With "normalized citation count", I assume you mean the sum of the citations to the papers by a given author, divided by the number of authors of the paper that was cited, correct? So, Edward Witten has a very big normalized citation count, while most people in big collaborations don't.

ok, i failed - results of functional queries cannot be faceted, i tried pivot.facets but they are too slow (and for api users will time out); we run solr 4.8 and there is potentially a solution in solr5.0 - to compute stats for individual facets. However, these solutions are unrealistic because they are too slow - it would have to:

  1. search for astrophysics papers (i.e. topn(1000, database:astronomy, citation_count desc)
  2. facet the set by authors
  3. for every author do facet.pivot on citations
  4. compute the stat for result of 3

multivalued fields are very slow

however, the following could get you started - it returns authors of top cited papers in astronomy in year 2015, when you grab the facet (authors), you can then quickly collect metrics for these names (btw: metrics accepts a query, you don't need to search by bibcode only)

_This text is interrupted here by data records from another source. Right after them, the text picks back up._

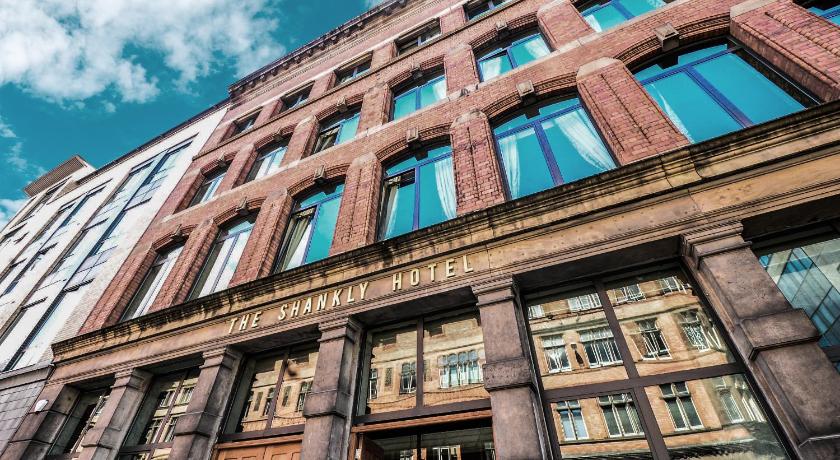 The Shankly Hotel Suites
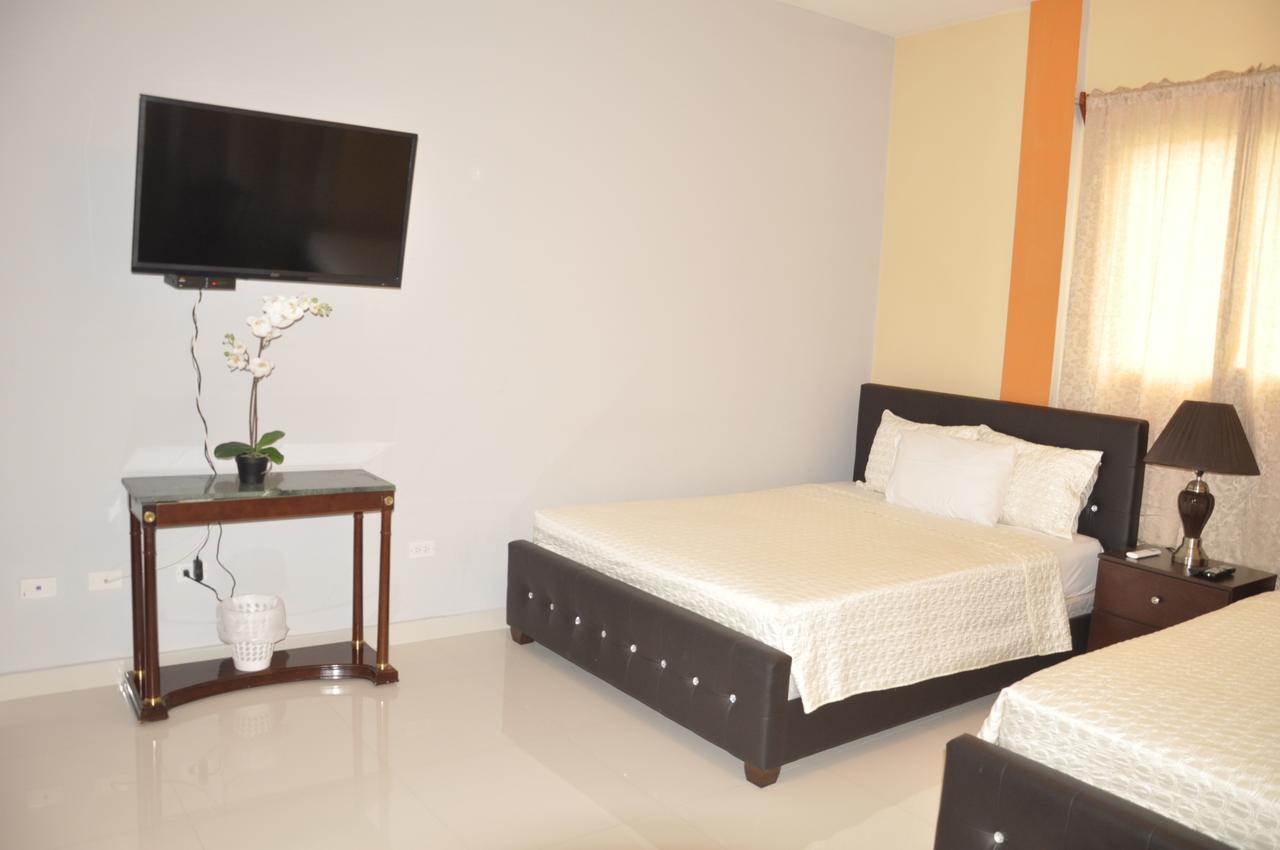 Sams Hotel Port-au-Prince Eksteriør billede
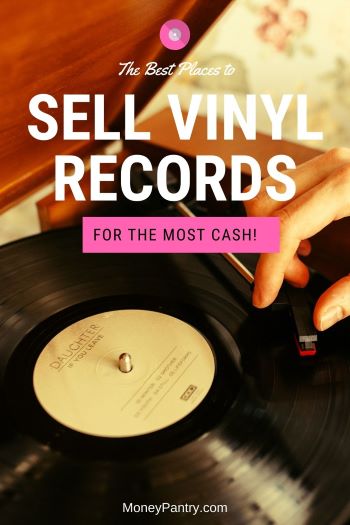 Where to Sell Vinyl Records - MoneyPantry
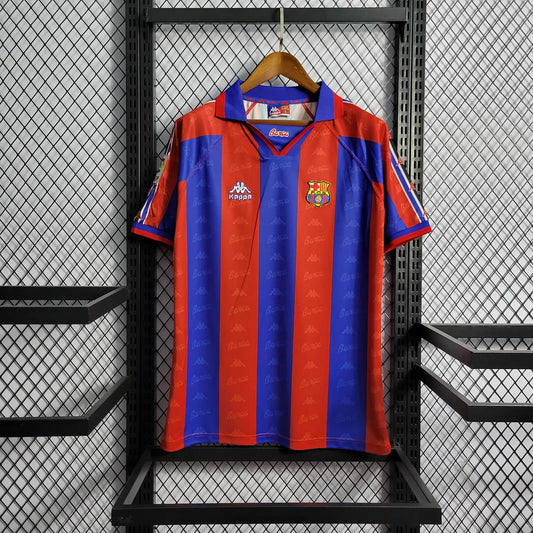 Barcelone 1995 Maillot Domicile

q=topn(1000%2C+database%3Aastronomy+AND+year%3A2015%2C+citation_count+desc)&sort=citation_count+desc&fl=bibcode%2Ccitation_count&wt=json&indent=true&facet=true&facet.field=author&facet.mincount=1

however, the usual caveats apply: name could belong to multiple people; the starting criteria are arbitrary (first 1000 papers)

it is not easy to compile the "scientific hitparade"

Thanks for the ideas on how to deal with this problem! I came up with some code to be able to do this kind of query, or at least approximate what the distribution looks like at the top end. I used @romanchyla 's idea by going from the top cited papers and then searching by authors. My code is not the most efficient query, but it certainly got the job done (and faster than what I expected).

Happy to close this issue if you are. Thanks again!